Globalisierungskritik der Neofaschisten
Was Höcke hier formuliert, ist nichts anderes als eine völkische Globalisierungskritik, eine Herrschafts- und Elitenkritik, wie sie bereits die Nationalsozialisten formulierten, die die wahren Klassengegensätze hinter einer rassistischen Ideologie der Identität zu verschleiern versucht.
Diese scheinbare Kritik spielt eine bedeutende Rolle in der Agitation und Propaganda der AfD. Ohne sie sind die Rekordergebnisse der AfD insbesondere in Ostdeutschland nicht zu verstehen. Denn gerade dort scheinen die Neofaschisten damit auf offene Ohren zu stoßen – in jenen Landstrichen, die nach der Wiedervereinigung mit der größten Privatisierungswelle der deutschen Geschichte den neoliberalen Kapitalismus in voller Härte zu spüren bekamen.
Klasse, Identität und der Feind im Inneren
Die Rede von den „Somewheres“ und „Anywheres“, die auch Alexander Gauland gerne verwendet, stammt vom britischen Millionärssöhnchen und angeblichen Ex-Marxisten David Goodhart. Wie das Zitat von Höcke zeigt, überlagert Goodhart, der durchaus auch von Linksliberalen zitiert wird, Klassenfragen mit Identitätsfragen. Für die völkischen Globalisierungskritiker verläuft der Hauptwiderspruch nicht zwischen den Klassen und auch nicht zwischen arm und reich, sondern ist eine Frage der Identifikation mit der „Heimat“, also dem Boden, auf dem man geboren wurde.

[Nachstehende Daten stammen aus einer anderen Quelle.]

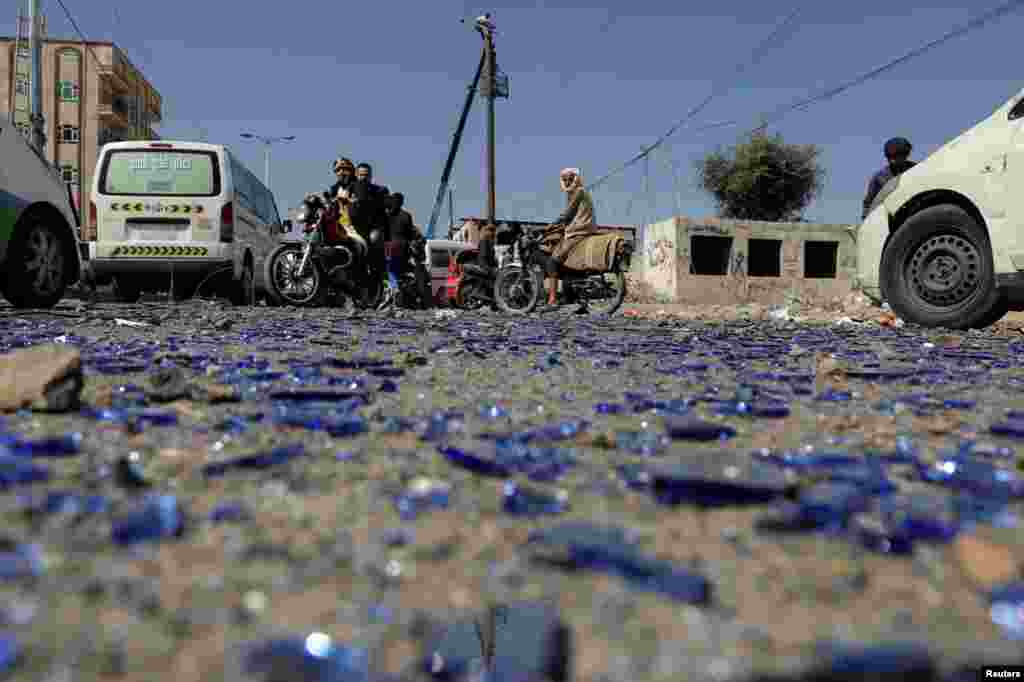 People ride on motorbikes at the scene of Saudi-led airstrike in Sana&#39;a, Yemen.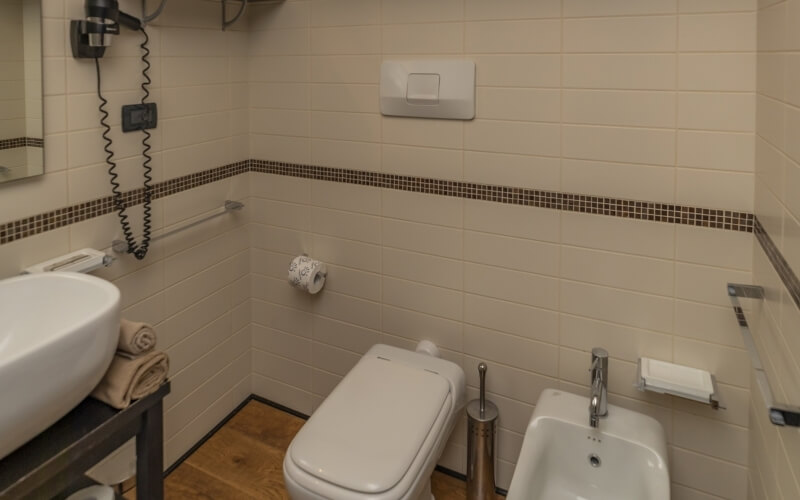 A clean bathroom with beige tiled walls, wooden floor, white toilet, sink, bidet, and modern fixtures.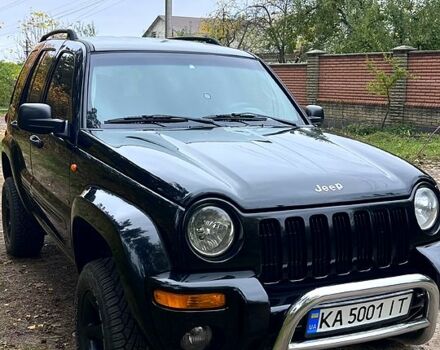 Черный Джип Чероки, объемом двигателя 2.5 л и пробегом 185 тыс. км за 7500 $, фото 1 на Automoto.ua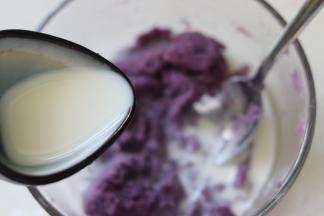 用牛奶或者用配方中的水冲好的奶粉溶液，倒入到80克紫薯泥中，搅匀扮成奶香紫薯泥。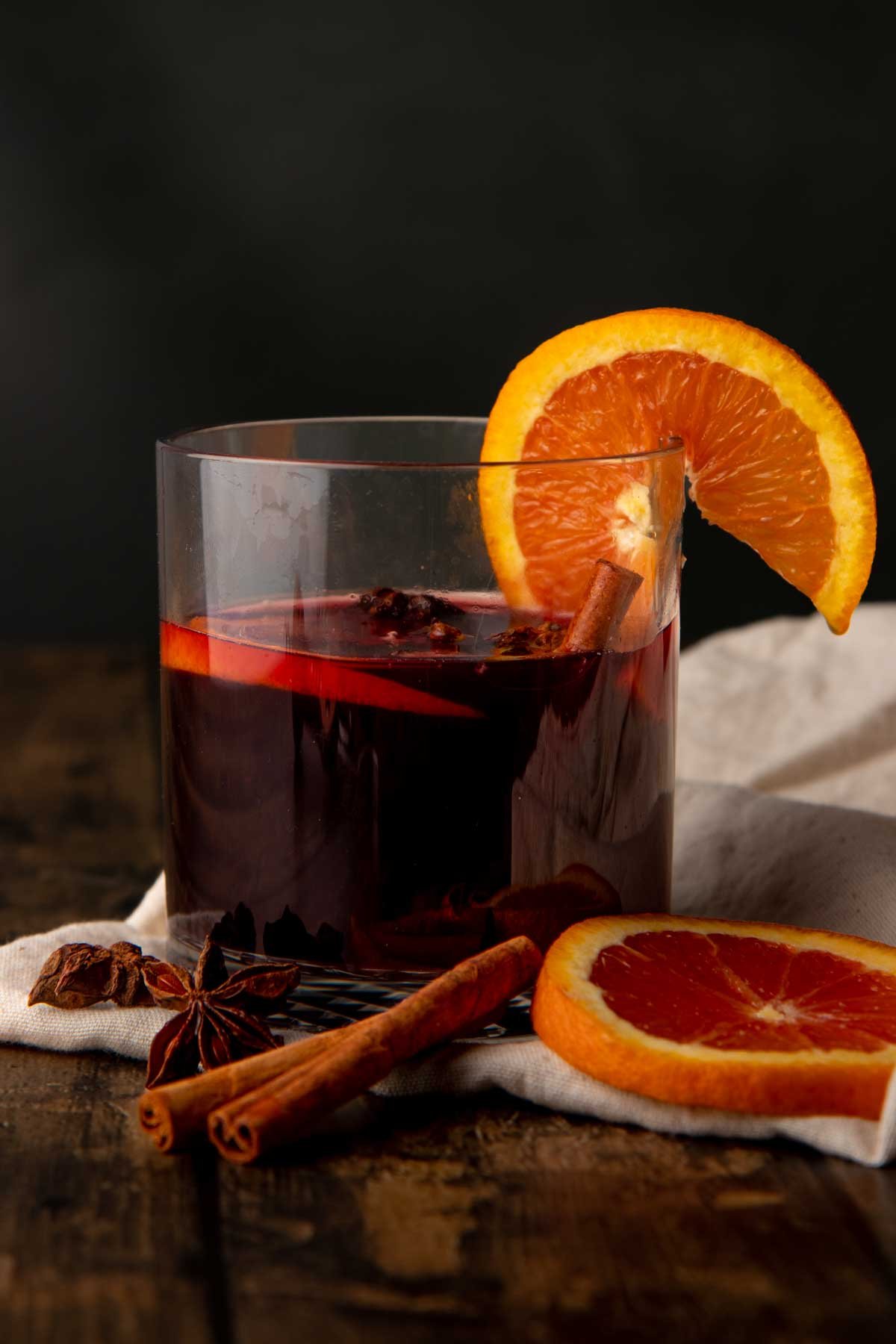 A glass of red wine apple cider sangria sits with an orange slice on the rim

Die Schuld für die herrschenden Verhältnisse wird also nicht ausschließlich auf ein vermeintliches „Außen“ projiziert, etwa Migrantinnen, Geflüchtete oder Muslime – es gibt auch einen Feind im Inneren. Dazu zählen die Neofaschisten nicht nur Linke, Gewerkschaften, Antirassistinnen, Feministinnen und Klimaschützer, sondern auch eine „globalistische Klasse“ (Alexander Gauland) eine abgehobene Elite, die sich von ihrer „Heimat“ abgewendet habe.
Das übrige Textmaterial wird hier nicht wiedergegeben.